Pettine’s hiring comes at a time when coaches have to make a philosophical call about their defensive schemes: Do they lean toward the simple, so players are sure about their assignments and adjustments, but the offense knows what’s coming? Or do they lean complex to maximize offensive confusion but with the greater risk of coverage mistakes?

“This is the decision making that can make or break coaches,” said an offensive assistant for an NFL team I talked with Wednesday.

Capers was on the complex side, which produced good results in ’09 and ’10. But as the talent declined — Woodson and later Matthews to age, Nick Collins and Sam Shields to career-ending injuries — the coverage, assignment and technique errors grew. That probably as much as anything got Capers fired.

At the other end of the spectrum is Pete Carroll’s defense in Seattle, which is spreading through the NFL as his assistants get jobs elsewhere. It might be the simplest in the league, but his players know what they’re supposed to do each week because they don’t have so many combinations of matchups to remember. (Of course, having Michael Bennett, Earl Thomas, Richard Sherman, Kam Chancellor and Bobby Wagner matters, too.)

New England Patriots coach Bill Belichick is known for using radically different game plans from week to week, even morphing between 3-4 and 4-3 alignments. But according to the aforementioned coach, Belichick’s plan in any given week isn’t complicated.

That’s what made Bradley, the former Seahawks coordinator and Jacksonville Jaguars coach, an interesting possibility before he re-signed with the Chargers on Wednesday.

“The best defenses are not the most complicated,” the assistant coach said. “They never have been. The best defenses are the simple ones that know their adjustments.”

By choosing Pettine, who runs Ryan’s defense, McCarthy is staying on the complicated end of the spectrum.

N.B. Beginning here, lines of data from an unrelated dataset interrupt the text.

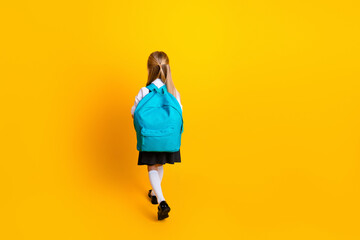 Young schoolgirl with a blue backpack standing on a vibrant yellow background, symbolizing...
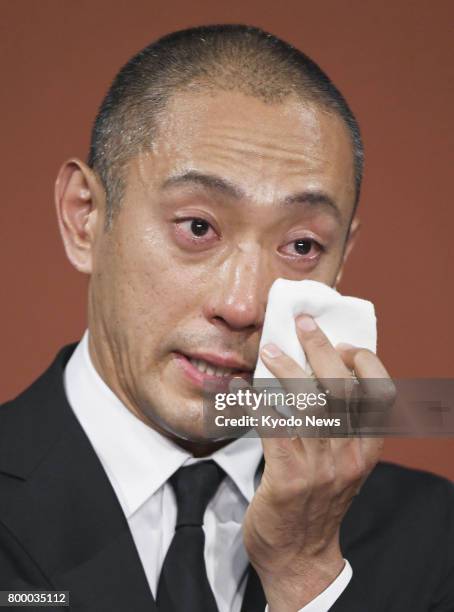 Japanese kabuki star Ichikawa Ebizo wipes away tears during a press conference in Tokyo on June 23 after his wife Mao Kobayashi, a 34-year-old...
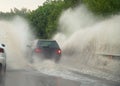 Car runs into big puddle at heavy rain, water splashing over the car. Car driving on asphalt road at thunder storm. Dangerous driv Royalty Free Stock Photo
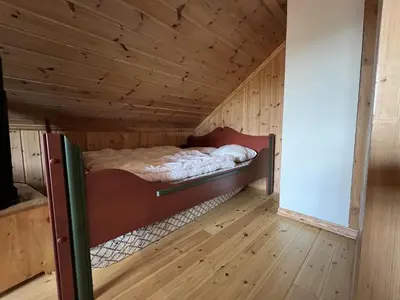 a bedroom with a bed in a wooden room at 3-Story Apartment Near Slopes With Sauna And Views in Beitostøl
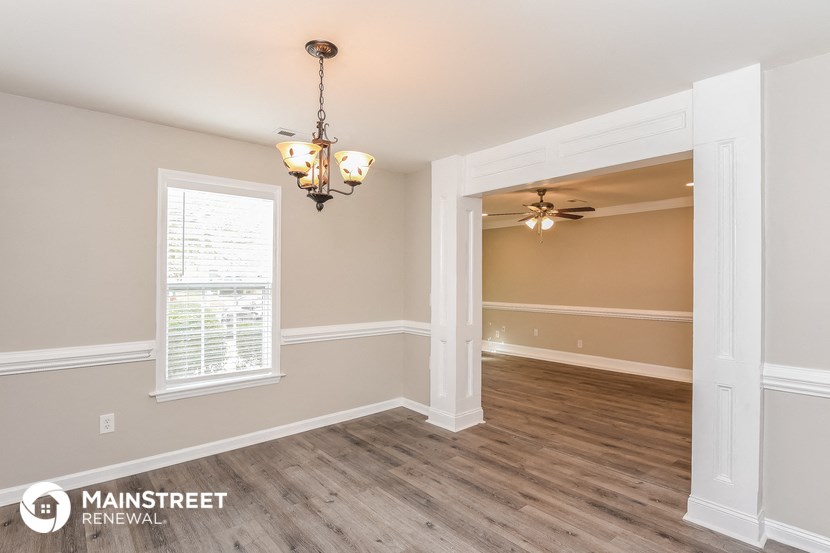 the living room and dining room of a renovated house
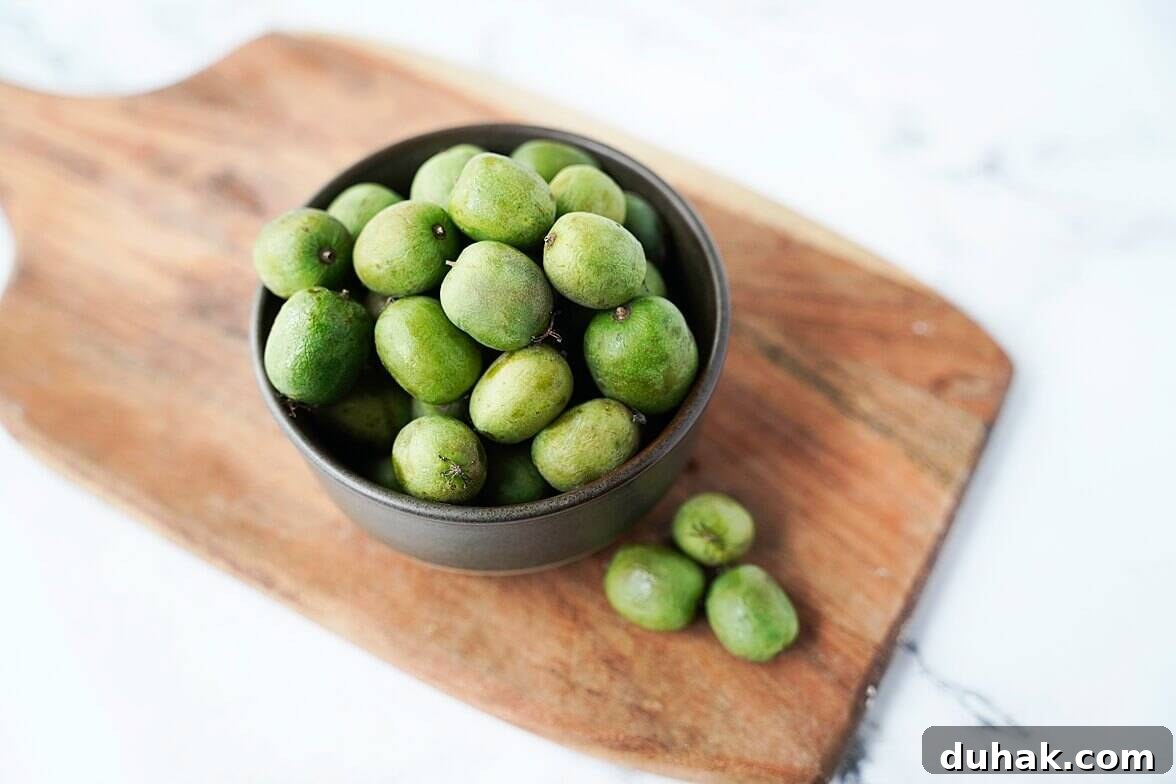 Kiwi Berries: Small Fruit Guide, Taste, Uses, and Benefits 3 Kiwi Berries in a bowl on top of a cutting board
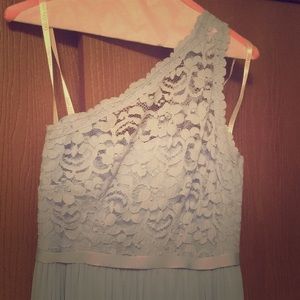 Ice blue, one-shoulder floor length dress.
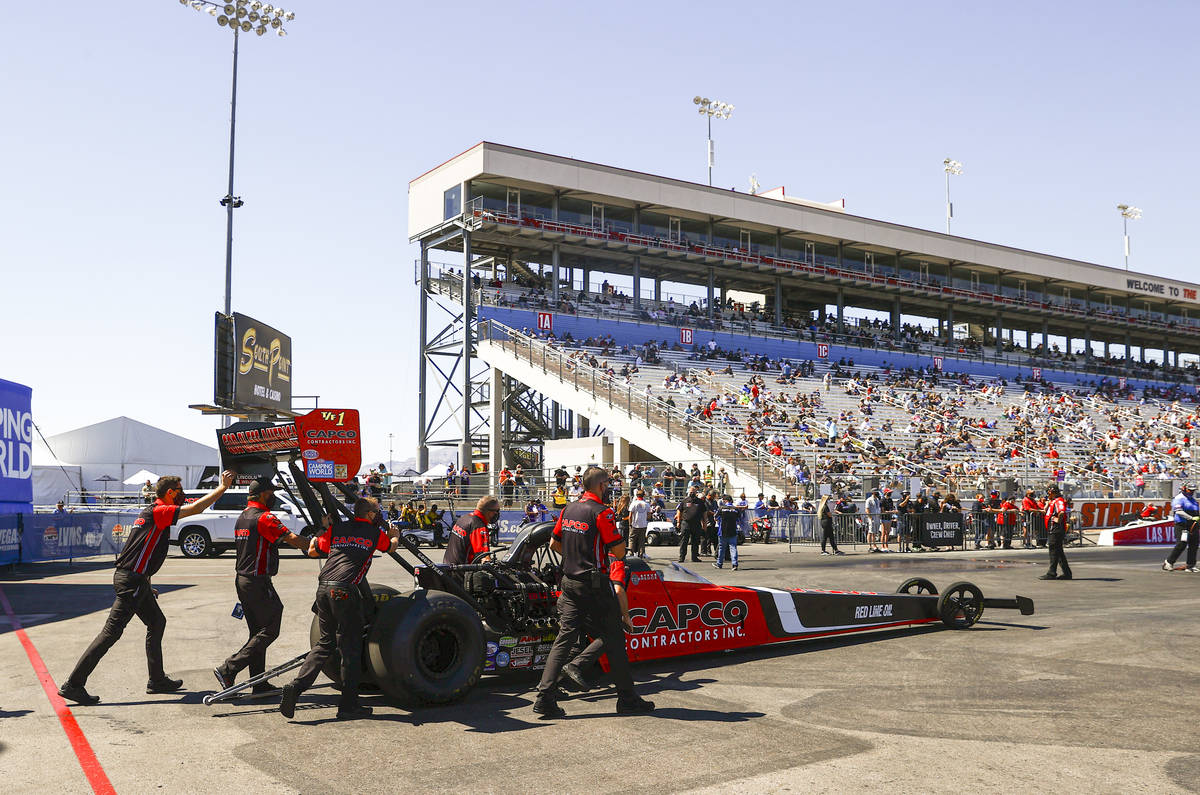 Crew members for Steve Torrence prepare for the second round of eliminations in Top Fuel at the ...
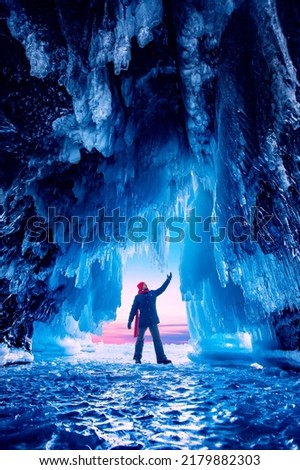 Adventure travel winter Lake Baikal tourist man with red scarf background ice grotto and cave, frozen icicles.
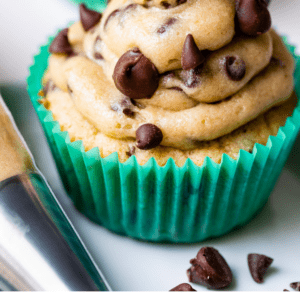 cupcakes with cookie dough frosting in green liners.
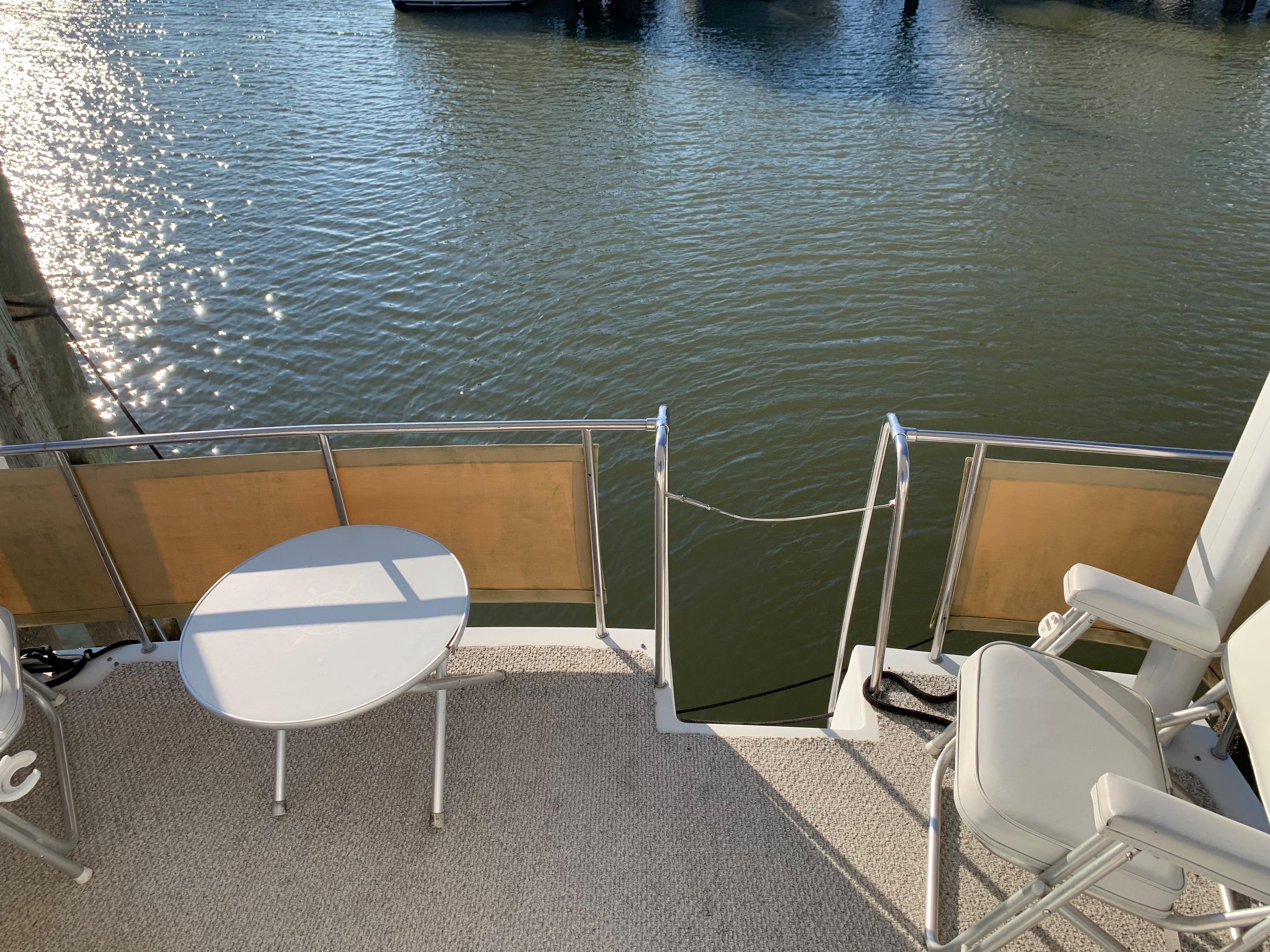 1992 Silverton 34 Aft Cabin Motor Yacht deck with chairs and table by the water.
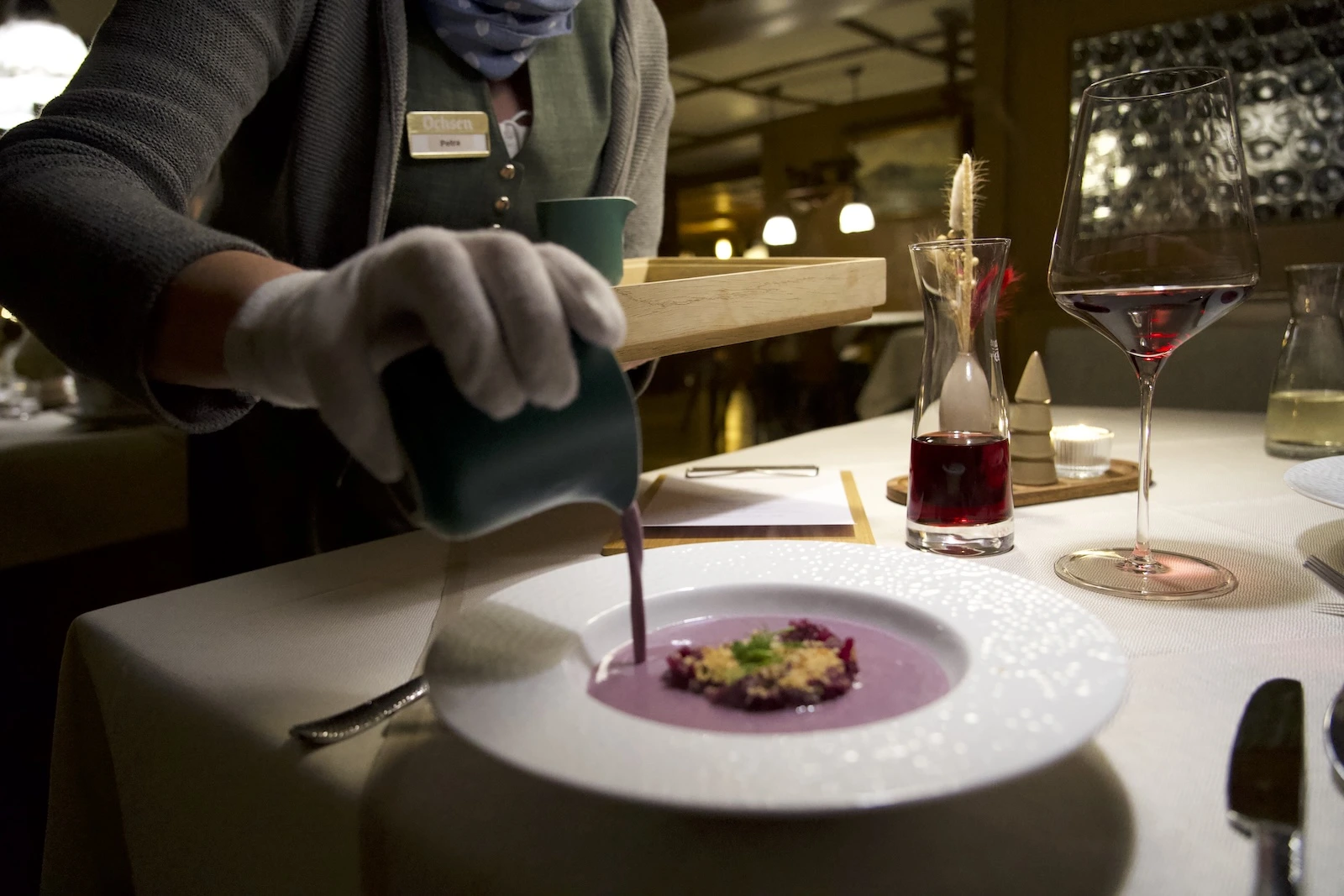 waiter wearing white gloves pours soup into bowl at a german restaurant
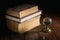 Old dusty books with glass globe.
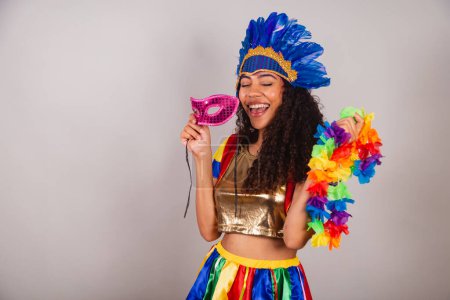 Foto de Hermosa mujer brasileña negra, con ropa frevo, carnaval. en tocado de plumas de carnaval. con máscara de carnaval y collar en las manos. - Imagen libre de derechos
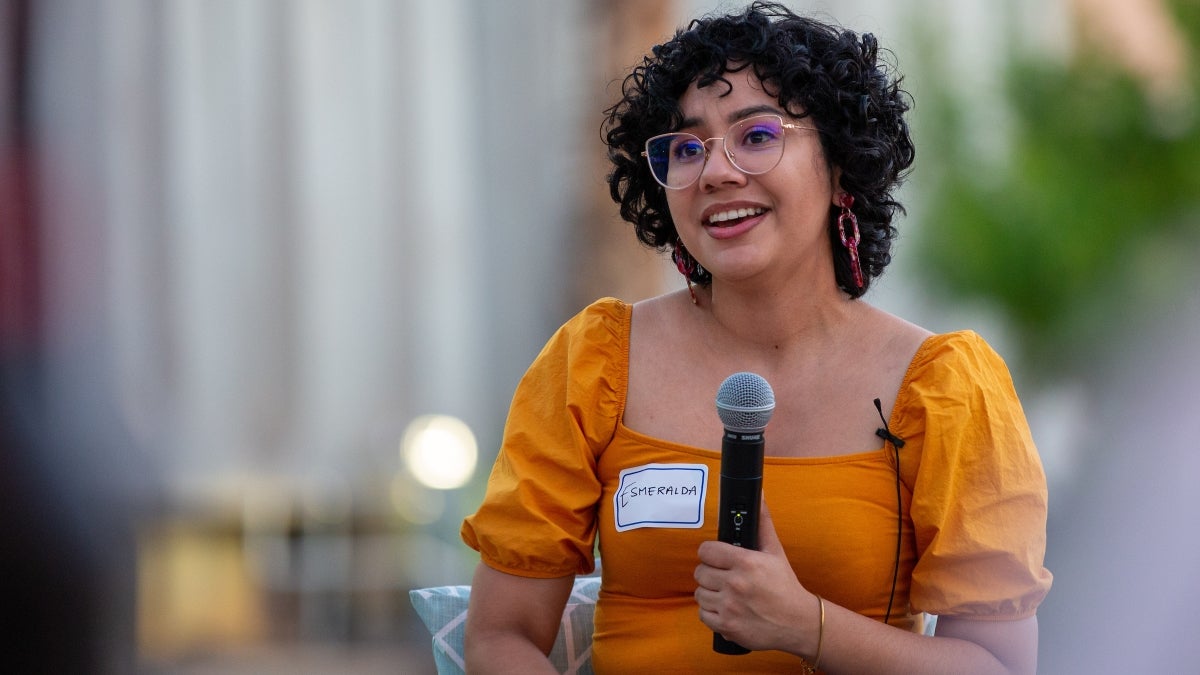 Woman with glasses and short, curly brown hair speaking into a microphone.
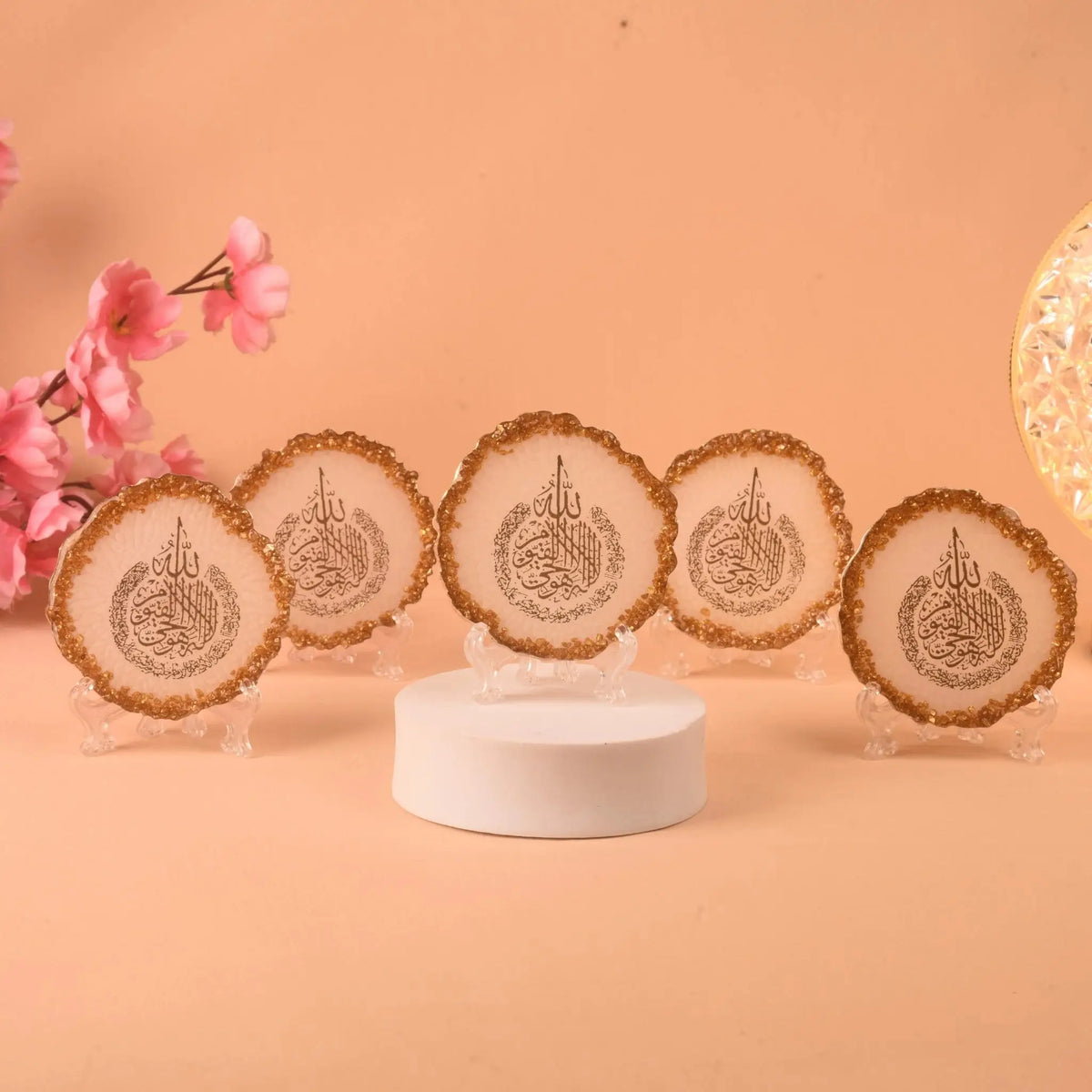 Set of five 3" Ayatul Kursi Frames with gold-trimmed edges, handmade in India, displayed on clear stands for Islamic home decor or gifting.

Multiple coverages, looks and blitzes present challenges, which the assistant coach talked through Wednesday. He hadn’t faced a Pettine defense for several years but has gone against Capers regularly over the years and spoke of the difficulty preparing for everything Capers might use. The coach and his colleagues always worried that they’d diluted their practice reps trying to be ready for everything they might see. It was a real problem.

But he’d still prefer to face that than a simpler defense that rarely blew coverages.

“If you play one defense — and you have your blitzes but you basically have one defense — the (defensive) players know the adjustments to everything,” he said. “Trips, one back, no back, they know all the adjustments. But you have five different defenses, they're going to (screw) up a blitz, (screw) up an adjustment.”

This was McCarthy’s call, and he made it. Pettine is his guy.

Pettine’s resume and reputation are good. It’s on new Gutekunst to make sure his players are, too.